Dr.三島の「眠ってトクする最新科学」
医療・健康・介護のコラム
金縛りになった、どうすれば…有効なのは「二度寝」?
レム睡眠中に起こされると…
ところがレム睡眠中、何かの拍子に覚醒したとき、オフスイッチがすぐに解除されないことがあります。その際に、睡眠麻痺を「金縛り」として自覚するわけです。レム睡眠からノンレム睡眠、そして覚醒へと緩やかに移行すればオフスイッチが入った状態のまま目覚めることはありません。ところが、レム睡眠中やその直後に急に起こされたり、目覚めた後に再びうとうとと寝ついたりすると、覚醒とレム睡眠のはざまで金縛りが出現しやすくなります。

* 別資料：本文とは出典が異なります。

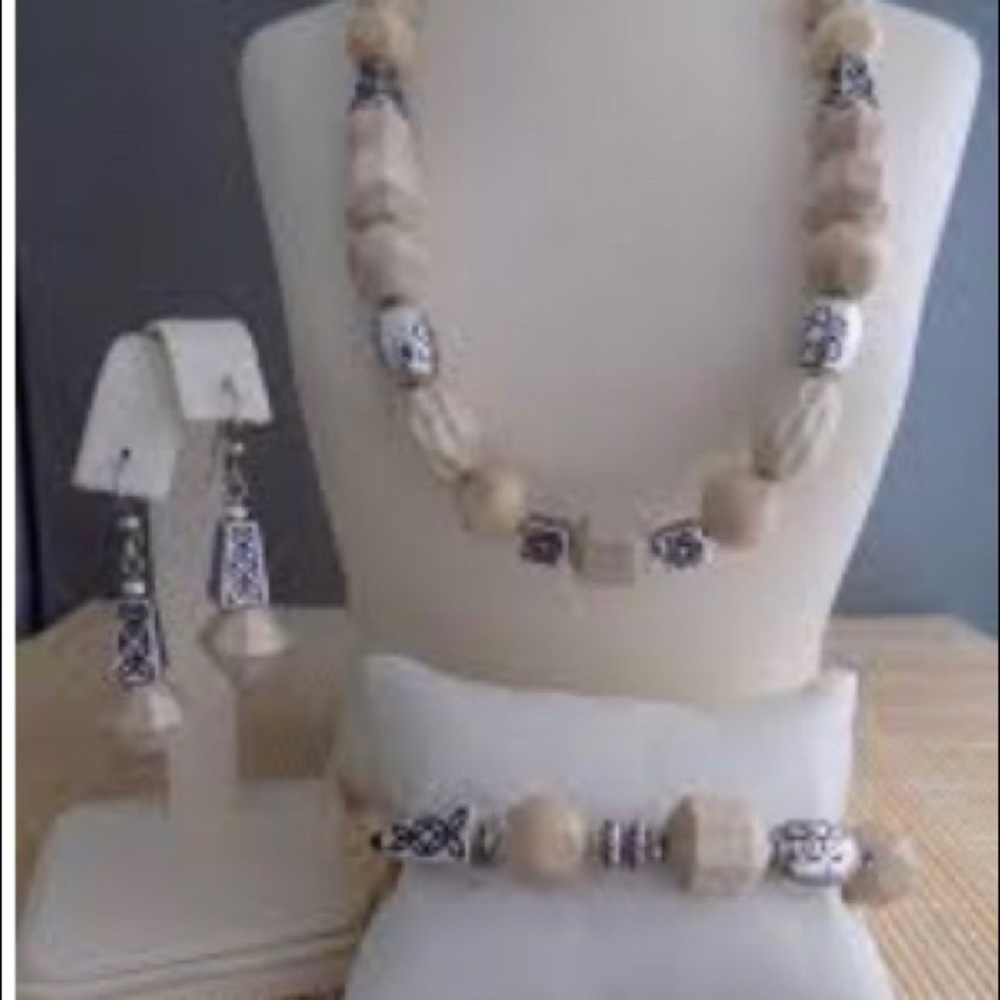 Brighton necklace set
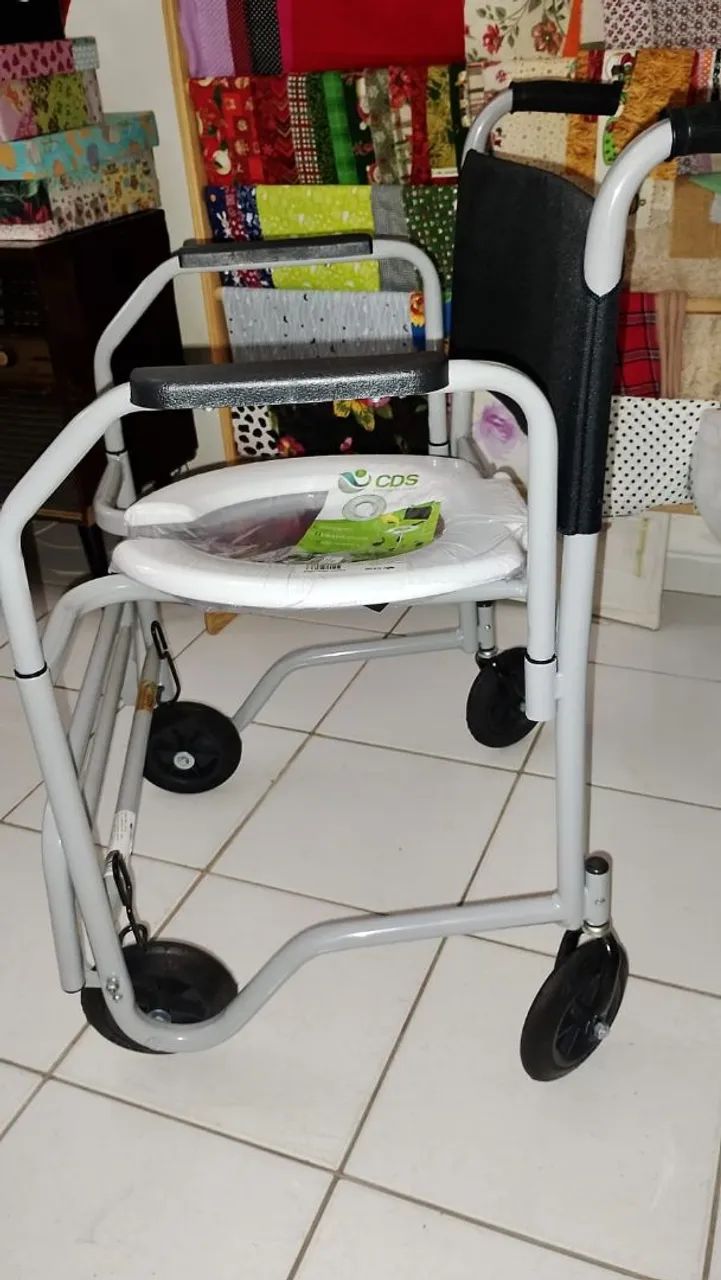 Cadeira de banho nova no plástico  - Foto 2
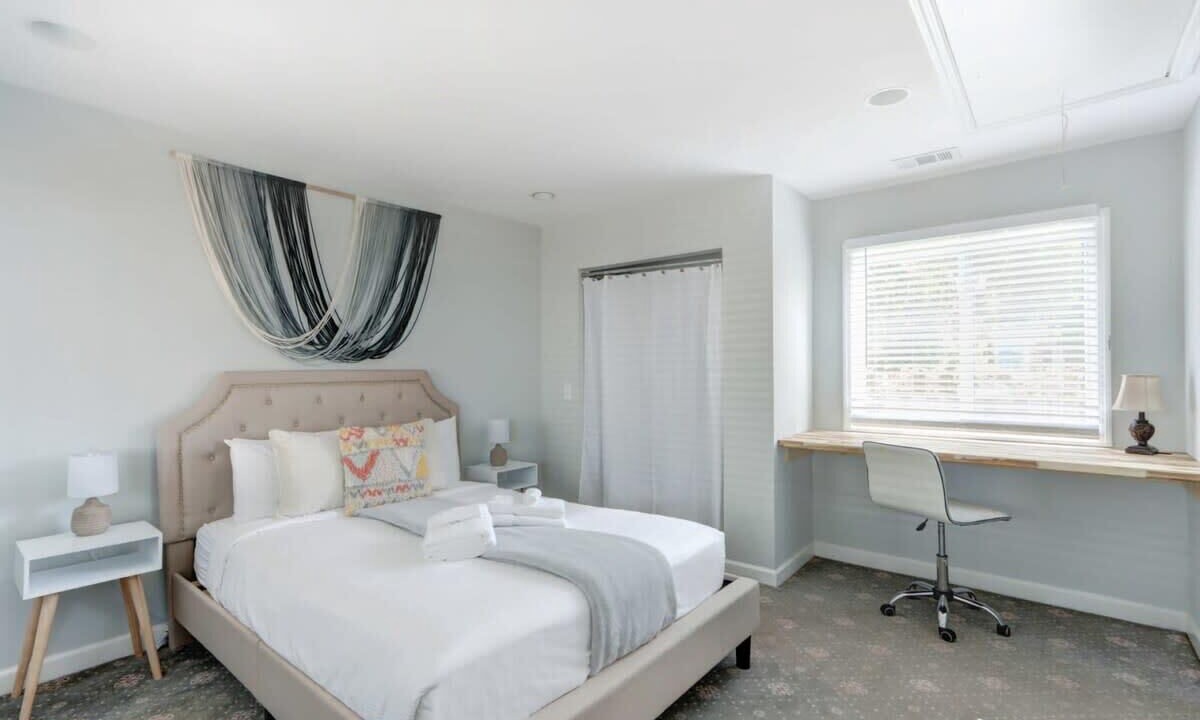 Photo of Bedroom in Beach Institute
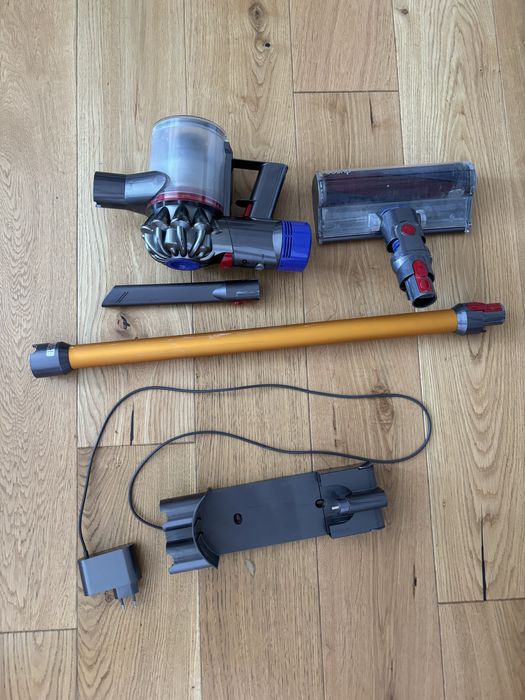 Częsci od odkurzacza dyson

特に、金縛りは明け方近くに出現しやすいのですが、それは睡眠後半になるほどレム睡眠が長くなるからです。一晩を平均すると、1回あたりのレム睡眠は20分ほどですが、明け方には1時間ほど続くこともあります。金縛りの好発時間帯です。「悪夢を見てドキドキしながら目が覚めたが、金縛りで動けない」などという怖い体験をすることもあります。まるでホラーですね。
「二度寝」が有効
金縛りにあったときは、慌てずに、「これはレム睡眠の名残」であることを思い出してください。これを知っているのといないのとでは、恐怖の度合いは大違いです。たかだか数分のことなので、オフスイッチが解除されるのをゆっくりと待ちましょう。眠気があるようなら、うとうとと二度寝をするのもよいでしょう。短時間でも眠れれば、次に目を覚ましたときには金縛りは終わっています。
毎晩のように頻発しなければ、金縛りに治療は必要ありません。しかし、就寝から間もない「寝入りばな」にちょくちょく金縛りが出現するケースや、逆に、レム睡眠中のオフスイッチが働かず、夢の内容の通りに体が動いてしまう特殊な睡眠・覚醒障害があります。次回は、そのようなレム睡眠中の「オフスイッチの異常」に関連した病気をご紹介します。(三島和夫 精神科医)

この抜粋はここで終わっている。